Let's look at a couple of dyno sheets to prove my point. Click on the image to the left and it'll enlarge. This dyno sheet was from a run done at Edelbrock's facility on a fairly stock 302 Ford engine. Look at where it makes its peak torque and horsepower at. Peak torque is at 3,900 RPM, and peak HP is at 5,200 RPM. Take a close look at what happens as the RPM keeps going up and what a dramatic loss of power there is. I plotted-out the path of loss to 6,500 RPM with red dots to show just how much power that engine is losing as the RPM increases past its peak RPM. Torque went from it's peak of 254 Ft Lbs at 3,900 to about 160 Ft Lbs at 6,500 RPM!!! Horsepower peaked at 243 at 5,200 and dropped all the way down to 175 at 6,500 RPM. That's a loss of 68 HP in only 1,300 RPM!! Imagine if this was your 66 Mustang with a 302 in it with maybe an Edelbrock RPM intake and 600 carb, a set of headers and maybe a couple of more minor additions like most guys have, and you brag that you shift your car at 6,500 RPM because it sounds awesome up there and you like to impress people with how high your engine revs. All you are doing is looking like a dork to anyone that knows anything about engines because you are LOSING a almost 70 HP by doing that. You might as well be applying the brakes from 5,200 RPM to 6,500 RPM because that's about what a 70 HP loss will feel like, and that's not going to win any races!

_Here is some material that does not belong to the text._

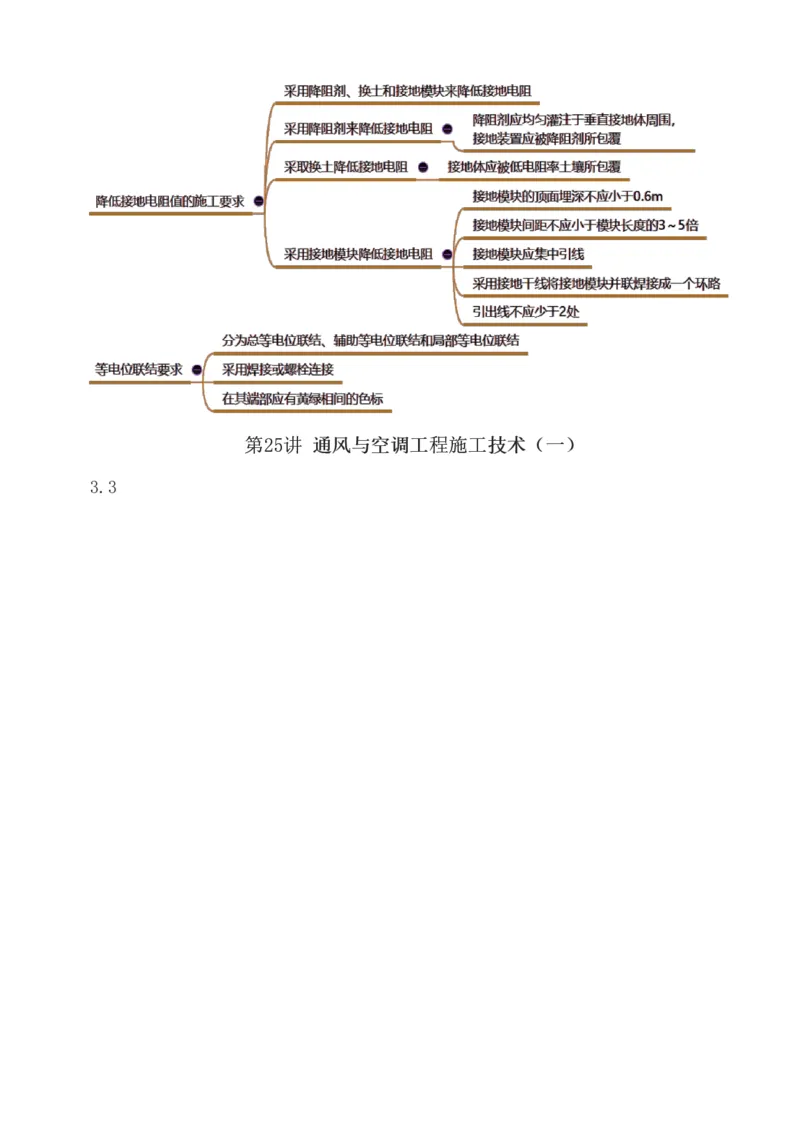 1-94_2026年一级建造师_2026年一建机电_2025年一建机电SVIP_02-基础精讲✿高端面授✿深度强化_18-机电《教材精讲班》王子初、王克233_王克_讲义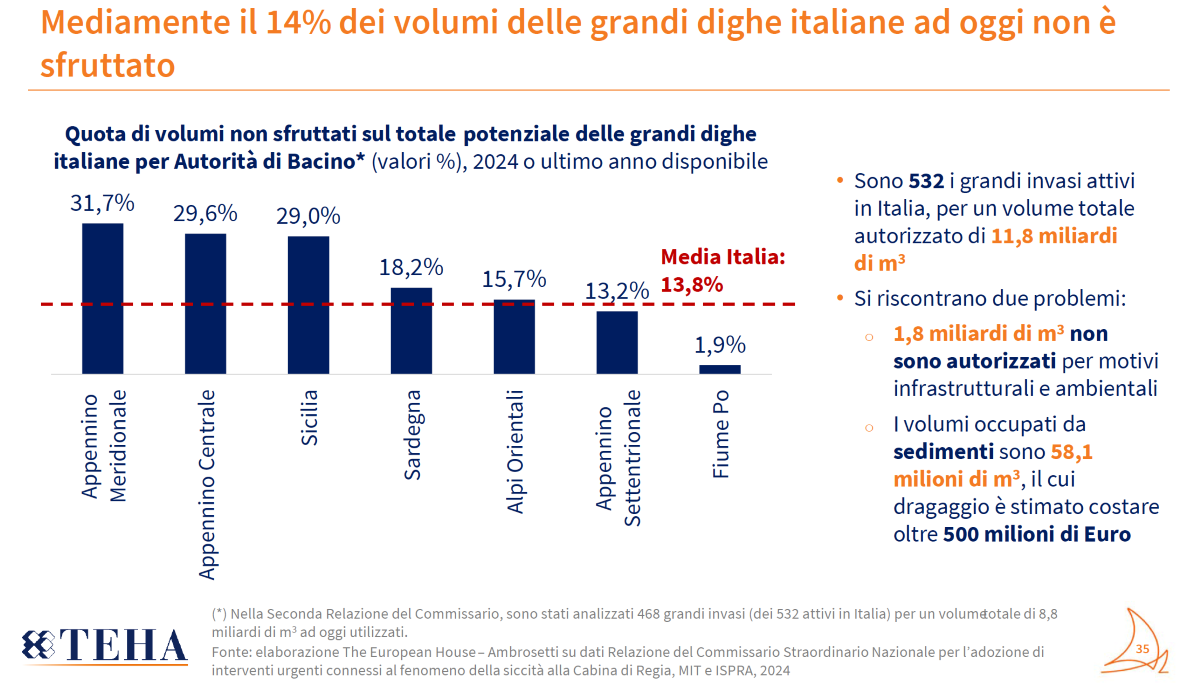 Il 14% dei 12 miliardi di metri cubi d'acqua presenti negli invasi italiani non viene utilizzato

So let's say you have en engine that is a LOT more built than a mild 302 and makes a LOT more power, does this peak RPM thing still apply? Sure it does! Look at the dyno sheet to the right. Click on it to make it bigger. This is from a seriously bad to the bone turbocharged small block Ford. Look at how much power it makes. It's making a whopping 1,177 HP and 1,097 Ft Lbs of torque! Now look at where it makes all of that power at. Peak torque is at 5,200 RPM and peak HP is at 5,800 RPM. Again, I plotted out with red dots the loss over just a 1,000 RPM increase in RPM and look at what a dramatic loss of power there is. 377 HP and 472 Ft Lbs of torque is LOST by shifting just 1,000 RPM higher than where it's peak was at. Imagine if the guy that owned the car this monster is in bragging that he shifts HIS engine at 7,500 RPM! He would probably be losing double of what the numbers were at just 1,000 RPM over his peak points, and what a dork he would be for doing that! That's not how you win races! This is why you NEED to know WHERE your engine makes its peak power at and then make that RPM where you shift at. There is a HUGE difference between how high an engine CAN rev and how high it SHOULD rev, and it's all based on what RPM it makes its peak power at. 95% of the time it is much lower of an RPM than people think. Just because your engine CAN rev higher doesn't mean it's making more power up there. They all "nose over" at some point!
And remember this; it's better to set your shift points about 300 - 400 RPM UNDER your peak power RPM because when your eyes see the tach and your body reacts to shift, and the shift linkage moves, there is a time delay for hydraulics and clutch packs in the tranny to hook-up and lock into the next gear, all while your foot is still to the floor, so you'll be increasing in RPM AS you are shifting, so you want to shift slightly early. Besides, look at the dyno sheet again... there is a plateau of power just below the peak RPM, so you are really AT your peak power longer before the highest RPM than if you rev it more and are on the downward curve of losing power. 95% of the time it's better to slightly short shift than it is to over rev. Now you have proof for why.